• _TASK DETAILS_
Starting at the line that contains "Fiat Grande Punto", return every line through the end of the entries below, exactly and with nothing else.

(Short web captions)
---------------
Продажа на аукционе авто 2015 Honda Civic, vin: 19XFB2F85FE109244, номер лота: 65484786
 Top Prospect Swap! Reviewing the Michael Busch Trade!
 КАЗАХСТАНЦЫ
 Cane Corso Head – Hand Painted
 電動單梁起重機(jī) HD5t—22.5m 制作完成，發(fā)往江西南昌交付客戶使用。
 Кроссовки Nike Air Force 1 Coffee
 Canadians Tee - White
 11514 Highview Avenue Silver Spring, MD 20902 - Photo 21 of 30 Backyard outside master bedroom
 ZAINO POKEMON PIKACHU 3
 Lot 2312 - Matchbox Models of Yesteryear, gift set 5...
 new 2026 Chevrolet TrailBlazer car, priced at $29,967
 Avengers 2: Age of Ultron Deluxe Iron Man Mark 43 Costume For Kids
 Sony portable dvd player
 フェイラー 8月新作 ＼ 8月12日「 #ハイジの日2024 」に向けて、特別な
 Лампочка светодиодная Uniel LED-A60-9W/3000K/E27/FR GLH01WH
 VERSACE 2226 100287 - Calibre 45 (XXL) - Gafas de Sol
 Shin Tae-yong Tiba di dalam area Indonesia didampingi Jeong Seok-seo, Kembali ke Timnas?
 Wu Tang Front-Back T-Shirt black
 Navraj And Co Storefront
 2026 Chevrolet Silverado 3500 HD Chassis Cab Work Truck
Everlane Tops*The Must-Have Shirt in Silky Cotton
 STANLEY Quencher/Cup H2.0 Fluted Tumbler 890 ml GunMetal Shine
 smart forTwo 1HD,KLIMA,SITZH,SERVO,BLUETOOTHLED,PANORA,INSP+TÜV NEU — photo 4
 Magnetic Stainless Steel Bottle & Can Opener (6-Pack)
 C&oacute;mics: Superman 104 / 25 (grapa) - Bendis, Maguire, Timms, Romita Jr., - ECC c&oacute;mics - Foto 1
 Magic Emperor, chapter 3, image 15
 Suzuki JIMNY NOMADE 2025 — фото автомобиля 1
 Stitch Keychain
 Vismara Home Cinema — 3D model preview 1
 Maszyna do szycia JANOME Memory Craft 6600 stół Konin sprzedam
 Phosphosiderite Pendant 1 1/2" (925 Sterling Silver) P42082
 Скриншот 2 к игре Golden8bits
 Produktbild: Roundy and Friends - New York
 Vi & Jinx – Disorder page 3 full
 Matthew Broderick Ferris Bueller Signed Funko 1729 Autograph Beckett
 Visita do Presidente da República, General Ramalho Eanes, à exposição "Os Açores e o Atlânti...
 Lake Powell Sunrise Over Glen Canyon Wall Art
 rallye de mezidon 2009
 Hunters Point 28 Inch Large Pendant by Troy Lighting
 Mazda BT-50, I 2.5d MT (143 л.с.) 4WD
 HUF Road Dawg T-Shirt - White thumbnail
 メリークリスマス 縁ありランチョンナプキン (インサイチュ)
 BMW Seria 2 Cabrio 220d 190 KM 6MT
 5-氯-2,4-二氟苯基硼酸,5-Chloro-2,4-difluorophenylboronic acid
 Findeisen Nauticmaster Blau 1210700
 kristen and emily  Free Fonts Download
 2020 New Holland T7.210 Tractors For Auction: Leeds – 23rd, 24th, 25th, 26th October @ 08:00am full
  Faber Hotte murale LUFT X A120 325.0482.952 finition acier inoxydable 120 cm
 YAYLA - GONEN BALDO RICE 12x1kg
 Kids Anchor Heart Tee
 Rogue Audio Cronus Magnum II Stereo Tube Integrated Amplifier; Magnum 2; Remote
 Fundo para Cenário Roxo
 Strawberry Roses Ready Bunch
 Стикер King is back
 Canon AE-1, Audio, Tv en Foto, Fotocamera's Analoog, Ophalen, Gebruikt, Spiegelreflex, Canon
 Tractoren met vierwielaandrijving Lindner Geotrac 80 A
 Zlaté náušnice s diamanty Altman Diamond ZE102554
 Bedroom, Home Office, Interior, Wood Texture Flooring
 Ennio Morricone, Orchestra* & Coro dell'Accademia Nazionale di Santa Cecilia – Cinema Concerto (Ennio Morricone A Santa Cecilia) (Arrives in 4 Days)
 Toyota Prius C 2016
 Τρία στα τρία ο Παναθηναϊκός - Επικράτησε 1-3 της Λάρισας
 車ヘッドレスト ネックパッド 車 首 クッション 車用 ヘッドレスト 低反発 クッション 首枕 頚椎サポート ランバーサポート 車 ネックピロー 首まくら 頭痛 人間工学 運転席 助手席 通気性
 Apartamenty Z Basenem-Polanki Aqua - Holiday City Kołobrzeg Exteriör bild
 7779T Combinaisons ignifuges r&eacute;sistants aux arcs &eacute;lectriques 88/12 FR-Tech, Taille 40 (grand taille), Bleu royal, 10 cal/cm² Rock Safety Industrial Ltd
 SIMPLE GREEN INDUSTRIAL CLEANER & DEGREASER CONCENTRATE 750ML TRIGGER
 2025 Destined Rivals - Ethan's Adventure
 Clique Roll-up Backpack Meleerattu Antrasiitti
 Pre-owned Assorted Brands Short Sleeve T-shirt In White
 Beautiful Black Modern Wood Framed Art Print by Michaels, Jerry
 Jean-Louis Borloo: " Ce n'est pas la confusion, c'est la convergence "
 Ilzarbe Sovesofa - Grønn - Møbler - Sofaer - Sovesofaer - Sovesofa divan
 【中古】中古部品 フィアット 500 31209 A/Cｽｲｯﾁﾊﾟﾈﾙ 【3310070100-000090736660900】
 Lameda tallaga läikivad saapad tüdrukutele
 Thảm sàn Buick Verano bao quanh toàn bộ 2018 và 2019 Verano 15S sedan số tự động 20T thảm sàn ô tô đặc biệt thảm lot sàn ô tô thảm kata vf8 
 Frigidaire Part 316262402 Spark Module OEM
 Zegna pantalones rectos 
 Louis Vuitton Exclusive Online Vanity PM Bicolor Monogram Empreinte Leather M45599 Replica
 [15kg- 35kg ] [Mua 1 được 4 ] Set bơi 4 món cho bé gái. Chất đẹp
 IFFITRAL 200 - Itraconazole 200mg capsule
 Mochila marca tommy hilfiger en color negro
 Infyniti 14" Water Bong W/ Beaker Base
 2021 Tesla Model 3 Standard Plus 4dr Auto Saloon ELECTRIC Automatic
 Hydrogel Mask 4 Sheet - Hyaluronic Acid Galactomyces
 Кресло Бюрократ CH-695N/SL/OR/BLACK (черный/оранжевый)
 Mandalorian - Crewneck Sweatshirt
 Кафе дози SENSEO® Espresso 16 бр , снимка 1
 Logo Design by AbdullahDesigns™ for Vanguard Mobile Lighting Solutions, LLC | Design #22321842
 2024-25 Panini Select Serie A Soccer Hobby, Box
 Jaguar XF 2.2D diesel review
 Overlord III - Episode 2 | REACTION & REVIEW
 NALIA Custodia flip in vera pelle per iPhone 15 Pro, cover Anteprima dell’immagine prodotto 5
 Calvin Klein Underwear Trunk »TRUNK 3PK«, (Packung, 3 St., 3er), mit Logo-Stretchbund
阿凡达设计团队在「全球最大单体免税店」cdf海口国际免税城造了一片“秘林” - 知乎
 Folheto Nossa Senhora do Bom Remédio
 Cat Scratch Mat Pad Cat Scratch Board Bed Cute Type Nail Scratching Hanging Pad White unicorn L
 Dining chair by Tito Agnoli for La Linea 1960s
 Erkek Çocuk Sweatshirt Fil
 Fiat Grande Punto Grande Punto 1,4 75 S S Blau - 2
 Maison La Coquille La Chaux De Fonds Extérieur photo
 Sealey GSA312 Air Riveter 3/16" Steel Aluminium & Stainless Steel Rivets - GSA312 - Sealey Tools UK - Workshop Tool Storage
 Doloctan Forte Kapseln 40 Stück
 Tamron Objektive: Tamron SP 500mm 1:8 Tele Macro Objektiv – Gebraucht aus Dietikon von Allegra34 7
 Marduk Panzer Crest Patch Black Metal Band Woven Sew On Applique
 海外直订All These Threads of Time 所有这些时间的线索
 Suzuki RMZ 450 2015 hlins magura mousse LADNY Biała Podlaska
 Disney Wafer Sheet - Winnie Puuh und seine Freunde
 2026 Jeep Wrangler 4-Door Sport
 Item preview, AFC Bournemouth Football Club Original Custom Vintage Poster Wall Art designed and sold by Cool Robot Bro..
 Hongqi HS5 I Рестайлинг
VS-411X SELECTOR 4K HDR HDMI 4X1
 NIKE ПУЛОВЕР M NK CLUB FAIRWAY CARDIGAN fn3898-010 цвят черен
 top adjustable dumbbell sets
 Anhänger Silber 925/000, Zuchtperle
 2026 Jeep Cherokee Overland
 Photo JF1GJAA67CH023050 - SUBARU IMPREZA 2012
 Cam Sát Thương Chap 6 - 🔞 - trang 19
---------------
• _YOUR SOLUTION_
 Fiat Grande Punto Grande Punto 1,4 75 S S Blau - 2
 Maison La Coquille La Chaux De Fonds Extérieur photo
 Sealey GSA312 Air Riveter 3/16" Steel Aluminium & Stainless Steel Rivets - GSA312 - Sealey Tools UK - Workshop Tool Storage
 Doloctan Forte Kapseln 40 Stück
 Tamron Objektive: Tamron SP 500mm 1:8 Tele Macro Objektiv – Gebraucht aus Dietikon von Allegra34 7
 Marduk Panzer Crest Patch Black Metal Band Woven Sew On Applique
 海外直订All These Threads of Time 所有这些时间的线索
 Suzuki RMZ 450 2015 hlins magura mousse LADNY Biała Podlaska
 Disney Wafer Sheet - Winnie Puuh und seine Freunde
 2026 Jeep Wrangler 4-Door Sport
 Item preview, AFC Bournemouth Football Club Original Custom Vintage Poster Wall Art designed and sold by Cool Robot Bro..
 Hongqi HS5 I Рестайлинг
VS-411X SELECTOR 4K HDR HDMI 4X1
 NIKE ПУЛОВЕР M NK CLUB FAIRWAY CARDIGAN fn3898-010 цвят черен
 top adjustable dumbbell sets
 Anhänger Silber 925/000, Zuchtperle
 2026 Jeep Cherokee Overland
 Photo JF1GJAA67CH023050 - SUBARU IMPREZA 2012
 Cam Sát Thương Chap 6 - 🔞 - trang 19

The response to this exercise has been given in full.